Spain paid sharply higher borrowing rates to raise 3.225 billion euros ($4.3 billion) in new short-term debt Tuesday, a sign of persistent market tension over its sovereign debt outlook.

The lucrative yields lured strong interest in the auction of three- and six-month bills, allowing the state easily to meet its target of raising 2.5-3.5 billion euros, a Bank of Spain statement showed.

The sale demonstrated Spain’s capacity to finance its debt but at a relatively high cost, despite a major European Central Bank programme of buying Spanish and Italian government debt on the market.

Spain’s central government and its powerful regions are struggling to cut costs to meet annual deficit-cutting targets, and to prevent the accumulated debt from rising too fast.

Cuts to health and education have become a serious concern in the run-up to November 20 elections, in which the conservative opposition Popular Party is widely expected to oust the ruling Socialists.

In the latest auction, Spain sold 1.604 billion euros in three-month bonds at a rate of 1.692 percent, up from 1.357 percent at the last comparable auction August 23. Demand outstripped supply by more than two to one.
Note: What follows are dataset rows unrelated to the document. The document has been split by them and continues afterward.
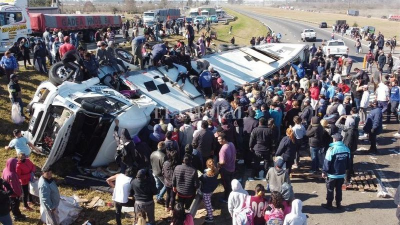 Triste imagen en Campana: volc� un cami�n de alimentos y los vecinos lo saquearon
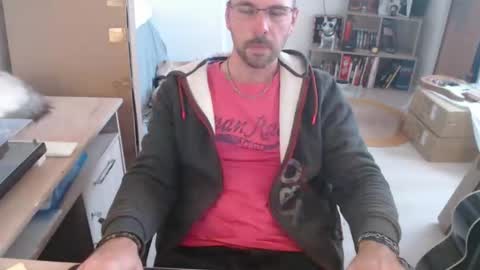 mikmik91 online show from 10-22-25, 10:04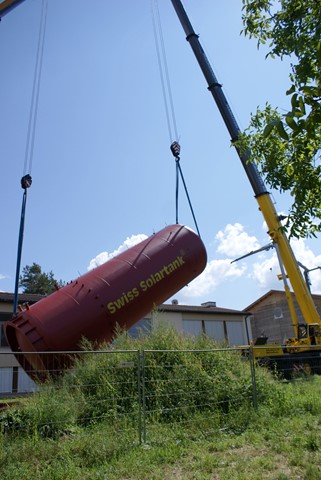Am Montag wurde der Speicher für das Netz der Konrad Keller AG geliefert. Er ist ohne Dämmung 11,7 Meter hoch, hat einen Durchmesser von 3,5 Metern und ein Fassungsvermögen von 105'500 Litern (4000 kWh Energie).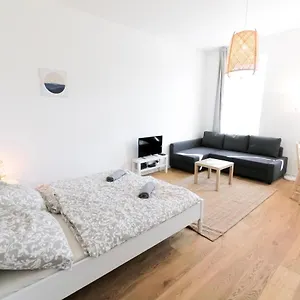 Living - Hasnerstrasse Апартаменты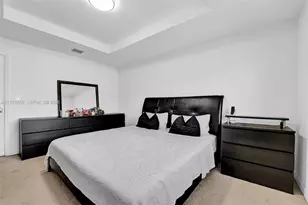 371 NE 194th Terrace, Miami, FL 33179 - Photo 5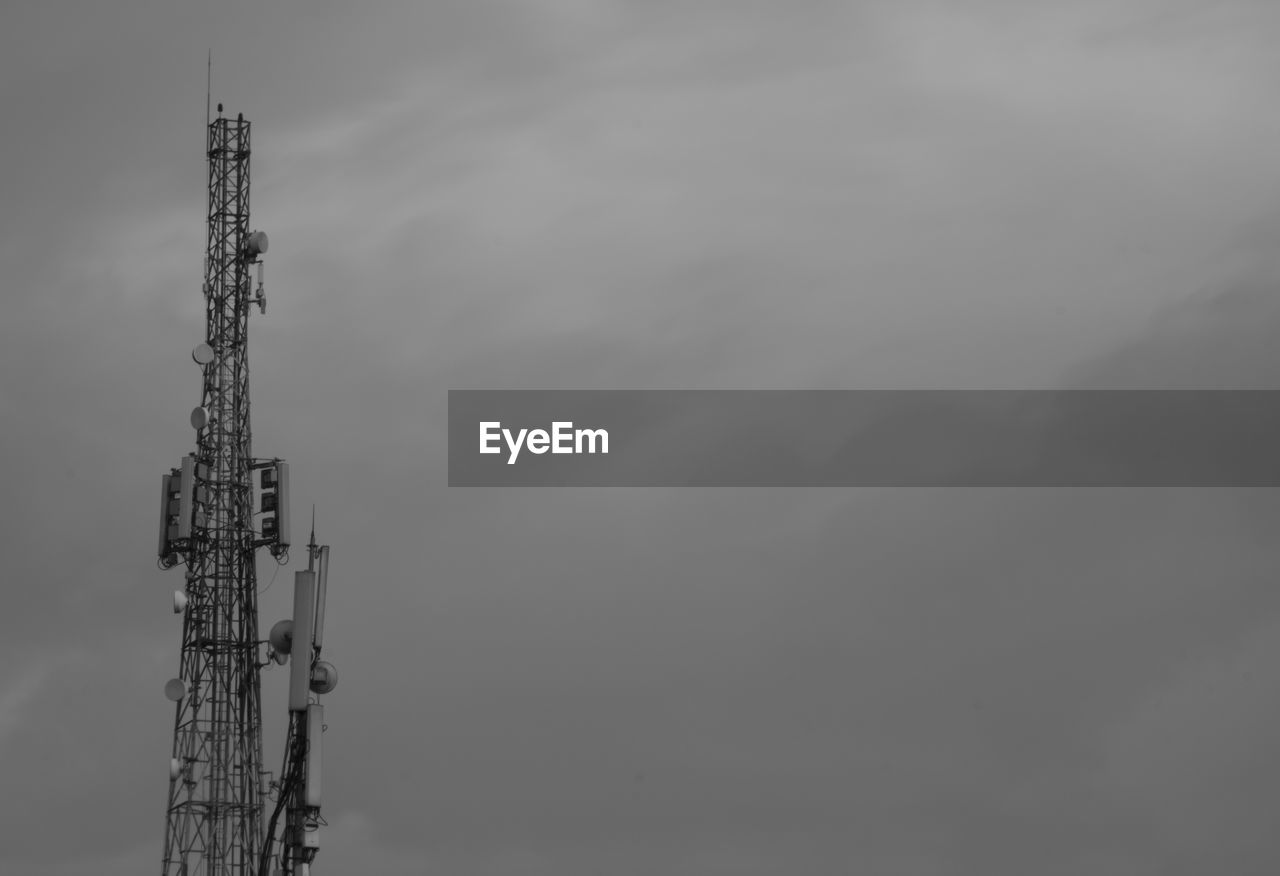LOW ANGLE VIEW OF TOWER AGAINST SKY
It also sold 1.621 billion euros in six-month bills at a rate of 2.665 percent, up from 2.187 percent on August 23. Demand from investors was strong, outstripping supply by nearly four times.

Spain has promised to reduce its annual public deficit from the equivalent of 9.2 percent of gross domestic product last year to 6.0 percent of GDP this year, 4.0 percent in 2012 and 3.0 percent — the EU limit — in 2013.

It is now scrambling to raise extra money in 2011 to meet those targets — telling firms to pay tax installments early, lowering state spending on medicines and stimulating new home purchases with a tax cut.

Each year of deficit pushes up overall debt, which grew to 65.2 percent of GDP as of June 30 from 57.2 percent a year earlier.

Earlier this month, the government passed a constitutional reform to limit future budget deficits and curb the accumulated debt, trying to prove its determination never to slide deep into the red again.